Long-time activist investor Carl Icahn made headlines in early March by stating that in his long career of challenging companies’ managements and boards of directors, he has never seen worse corporate governance than that of eBay (EBAY). The strong words came in the midst of his ongoing efforts to convince the company’s management to spin off its market-leading online payment platform, PayPal, from its namesake internet auction business. Elon Musk, PayPal’s co-founder who is currently best known for his successful leadership of Tesla (TSLA), has chimed in with his agreement, pointing out that with many competitors emerging in the field, it is hard to see how the battle to maintain PayPal’s primacy in online payments is helped by it remaining a subsidiary of an online auctioneer.
PayPal was acquired by eBay in 2002, in what was an apparently wise move in retrospect, as PayPal now has 143 million active registered accounts, providing merchants with a large base of potential customers. It is available in about 193 countries and 26 currencies, and thus reduces some of the risk and complexity involved in international trade. It also gives U.S. merchants the ability to offer consumer credit to American consumers through its “Bill Me Later” service. Part of the platform’s edge has been that it enables consumers to pay merchants without sharing sensitive financial information, such as credit card and debit card numbers, while still being able to minimize fraud and manage risk for both buyers and sellers.
While eBay’s Marketplaces segment still beats its Payments segment in revenues and operating income, many believe that due to its competitive strength and the vast possibilities that are likely to arise from being a leader in online payments, PayPal is destined to become the crown jewel of the company over the long term. As Mr. Icahn is eager to point out, the company has a questionable record of monetizing its strongest assets to maximize shareholder benefit. In particular, he points to the example of Skype, a leading voice-over-IP company of which eBay sold a 70% stake in 2009 to a group of investors, which then in turn sold its stake for over three times as much to Microsoft (MSFT - Free Microsoft Stock Report) less than two years later. Icahn believes that appreciation should have been foreseeable to management and thus should have ended up in shareholders’ pockets.
eBay responded forcefully in a letter titled “The Truth About Skype”, in which it laid out the timeline of events leading to its sale of Skype, including CEO Jack Donahoe’s admission in 2007 that the 2005 acquisition hadn’t performed as expected. It also highlighted the exhaustive process of exploring possibilities for an IPO or sale of Skype, in which it contacted numerous financial and strategic buyers. The letter pointed out that many business journalists at the time had expressed surprise at how high the sale price was, particularly as the divestiture came in the midst of a deep recession. The company also retained a 30% stake in Skype, and thus realized a net gain of $1.4 billion on the sale to Microsoft. Furthermore, Skype had gone through a dramatic overhaul after the sale, which was at least partly responsible for the increase in value.

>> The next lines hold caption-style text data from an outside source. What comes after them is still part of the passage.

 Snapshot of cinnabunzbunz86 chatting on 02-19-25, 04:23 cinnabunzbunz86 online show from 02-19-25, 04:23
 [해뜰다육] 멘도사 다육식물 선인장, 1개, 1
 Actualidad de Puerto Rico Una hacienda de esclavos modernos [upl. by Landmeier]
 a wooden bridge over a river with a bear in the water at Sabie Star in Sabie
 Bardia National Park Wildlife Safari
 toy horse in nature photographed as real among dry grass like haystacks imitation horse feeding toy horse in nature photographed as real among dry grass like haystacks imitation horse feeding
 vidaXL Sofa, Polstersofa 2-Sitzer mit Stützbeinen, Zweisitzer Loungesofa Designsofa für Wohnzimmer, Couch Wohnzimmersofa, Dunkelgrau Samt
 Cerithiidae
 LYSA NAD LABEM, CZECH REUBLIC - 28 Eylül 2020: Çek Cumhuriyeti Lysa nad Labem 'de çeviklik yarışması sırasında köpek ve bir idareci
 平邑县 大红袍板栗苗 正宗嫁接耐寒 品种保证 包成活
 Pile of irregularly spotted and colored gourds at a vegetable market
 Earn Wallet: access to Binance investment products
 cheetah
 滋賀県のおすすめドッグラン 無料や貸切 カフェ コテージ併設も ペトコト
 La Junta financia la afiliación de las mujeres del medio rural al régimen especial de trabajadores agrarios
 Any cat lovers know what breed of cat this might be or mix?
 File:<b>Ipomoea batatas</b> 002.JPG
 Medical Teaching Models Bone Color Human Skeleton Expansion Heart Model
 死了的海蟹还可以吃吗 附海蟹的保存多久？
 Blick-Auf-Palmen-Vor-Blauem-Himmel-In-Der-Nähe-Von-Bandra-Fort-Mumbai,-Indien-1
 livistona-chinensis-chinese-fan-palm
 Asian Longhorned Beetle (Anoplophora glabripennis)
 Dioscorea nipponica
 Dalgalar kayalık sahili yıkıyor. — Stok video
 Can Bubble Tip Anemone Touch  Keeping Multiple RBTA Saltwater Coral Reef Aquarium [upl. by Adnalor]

With management and the board of directors standing their ground, and the war of words possibly getting too hot even for the outspoken Mr. Icahn, the billionaire activist is now aiming for the company to conduct an initial public offering of 20% of PayPal, rather than a full spinoff. In this more-modest proposal, he seemed to concede that management had a point in defending the synergies between eBay and PayPal, which could be preserved in the sale of a minority stake. However, Mr. Icahn still believes that a partial spinoff could help to prove his point, as it would demonstrate the market value of PayPal and provide capital for the company’s other needs.
The company quickly shot down the toned-down suggestion, saying that such a move would not make PayPal more competitive and would create a distraction for the company.
While the board seems to have the upper hand at the moment, Mr. Icahn has likely tapped into an important point for eBay shareholders, namely that PayPal may ultimately prove to be worth more than the company as a whole is currently selling for on the market based on its recent trading range. Sooner or later, the company may again face pressure from shareholders to realize that value.
With a strong balance sheet, steady profit margins, and multiple growing segments, the company’s shares offer investors both safety and solid appreciation potential going forward, whether Mr. Icahn gets his way or not. In the meantime, buyers should be prepared for some very interesting shareholder meetings.
At the time of this article’s writing, the author did not have positions in any of the companies mentioned.